A "proper" inverter will run a motor just fine but may need to be oversized a bit to cope with starting loads. Such an inverter should have some start up surge capacity. They also have (or should have) output filtering. A VFD has little or no surge capacity becuse:
A. The load is not switched.
and
b. They have built in soft-start (speed / voltage ramp).

Some of the converters / inverters being sold are actually VFDs which have been de-rated and have the parmeters set to allow load switching. I'm guessing this is includes setting the overloads higher than normal.
They work but are not ideal and most of the ones I've seen advertised would require a lot of work to make a legal installation and a fair bit just to make them safe.
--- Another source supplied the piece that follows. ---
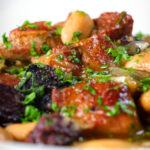 Close-up pork and bean stew with black pudding and sage served in a white bowl.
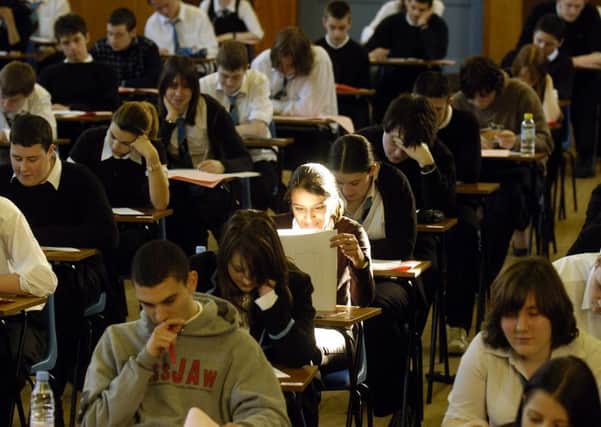 Pupils sit a preliminary maths exam at Williamwood High School, Glasgow. Picture: TSPL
The other issue with using a VFD type "converter" is that the output is the electronic equivalent of a Delta transformer or generator. This means there is no neutral connection and in almost every case the load must be balanced across the phases. Adding a Delta-Star transformer will provide a neutral but does not solve the load balance issue.

There are lots of things that can be made to work but this does not mean that they are legal, safe or good design.

Robert G8RPI.

[noel shelleyParticipant @noelshelley55608]
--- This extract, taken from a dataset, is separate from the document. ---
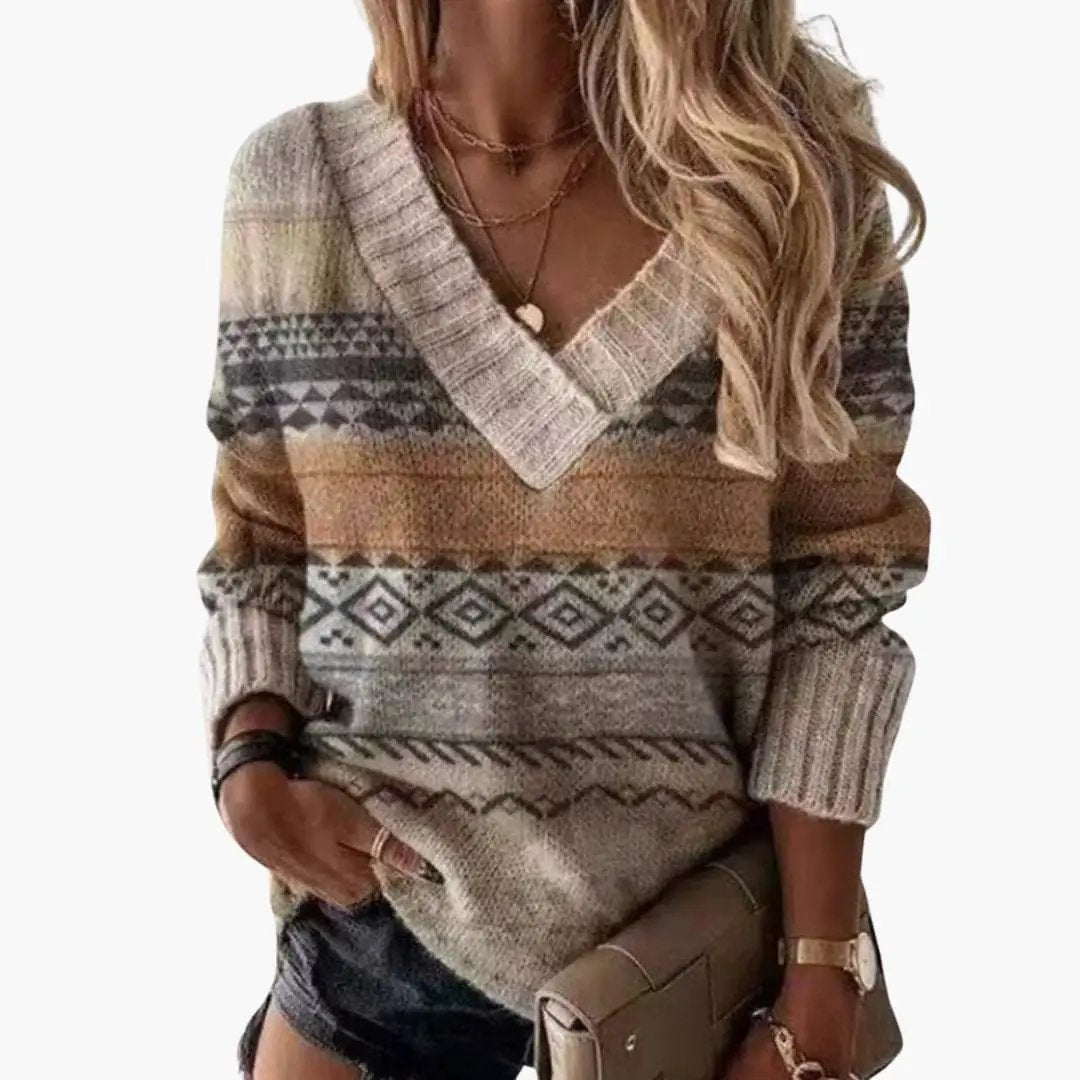 Women's V-neck animal-print knit sweater in beige, brown and gray tones with a chunky geometric pattern.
There is always the option of generating your own 3Ph, petrol or diesel powered, at least then it will be REAL 3Ph, maybe not an option for many, just a thought ! Noel

[Mark RandParticipant @markrand96270]

Posted by Clive Steer on 11/10/2022 16:38:24:

Mark

Can you tell us what your experience has been?

CS

Running Hardinge lathe, Beaver milling machine, J&S 1400 surface grinder and Wolf pedestal grinder over the last 12 years or so, all fed by a single VFD/inverter. Initially Danfoss, later Teco. with DOL starting, plug reversing, dual speed motor and multiple machines operating at the same times.

Oh, and there isn't an issue with unbalanced loads. Inverters are constant voltage supplies, not constant current. I do have a neutral generating transformer, but in fact none of my machines and virtually no industrial machines need a 3ph 5 wire supply.
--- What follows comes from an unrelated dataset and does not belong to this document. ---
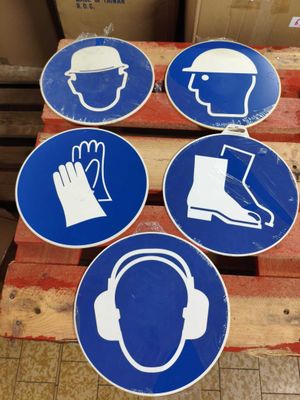 four blue and white signs on a pallet in a warehouse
Edited By Mark Rand on 11/10/2022 18:11:11

[Anonymous]

Posted by Jelly on 10/10/2022 11:27:34:

Every "VFD" I've ever used has had an integrated logic controller, with the motor drive electronics not directly controllable without interfacing through that logic controller…

No-one is suggesting that one would control the 3-phase bridge directly. On VFDs I have used the basic functions such as on/off, forward/reverse and frequency can be controlled from the front panel, via external components such as switches and potentiometers or from an external controller, usually via a comms link.

Conceptually the 3-phase control signals are simple. How the values are arrived at can be simple or complicated depending upon the control algorithm. Simple V/f control only needs a microcontroller but vector control ideally needs a DSP, preferably floating point to simplify the software.

Andrew

[Robert Atkinson 2Participant @robertatkinson2]

Mark,

I think that you have been lucky. The fact that your VFD seems to be rated to drive your full set of machines helps. If switching a single load the VFD must have enough overhead to start it. When you have other machines running their motors act as an energy reserve stabilising the VFD output. I guess your imbalance is less than 10% whidh is probably to small to notice.
How do you manage earthing and other safety requirements like RCDs?

Robert G8RPI.

[Clive SteerParticipant @clivesteer55943]

Mark

I'd be interested to know what model of Danfoss and Tech VFD's you used so I can get some idea of the capability they have.

CS

[JellyParticipant @jelly]

Posted by noel shelley on 11/10/2022 17:41:20:

There is always the option of generating your own 3Ph, petrol or diesel powered, at least then it will be REAL 3Ph, maybe not an option for many, just a thought ! Noel

I did seriously consider that, there was a 7.5kVA unit that just went for £400 on eBay, but it had clearly had a very hard life… The only other one which is suitable is a 10kVA unit with low hours going for about a grand, so less economic.

Currently, a diesel genny would be *very* competitive with grid prices too.

Unfortunately I live in close proximity to my neighbours, and with the best will in the world, "silenced" diesel generators are still obnoxiously loud in close proximity.

[JellyParticipant @jelly]

My take away from this thread is that it's technically an option, but at my scale it would be difficult to find a suitable inverter commercially, and I should be very cautious of being sold a large VFD which has been reworked to fill that gap, but producing EM interference and not meeting appropriate safety standards.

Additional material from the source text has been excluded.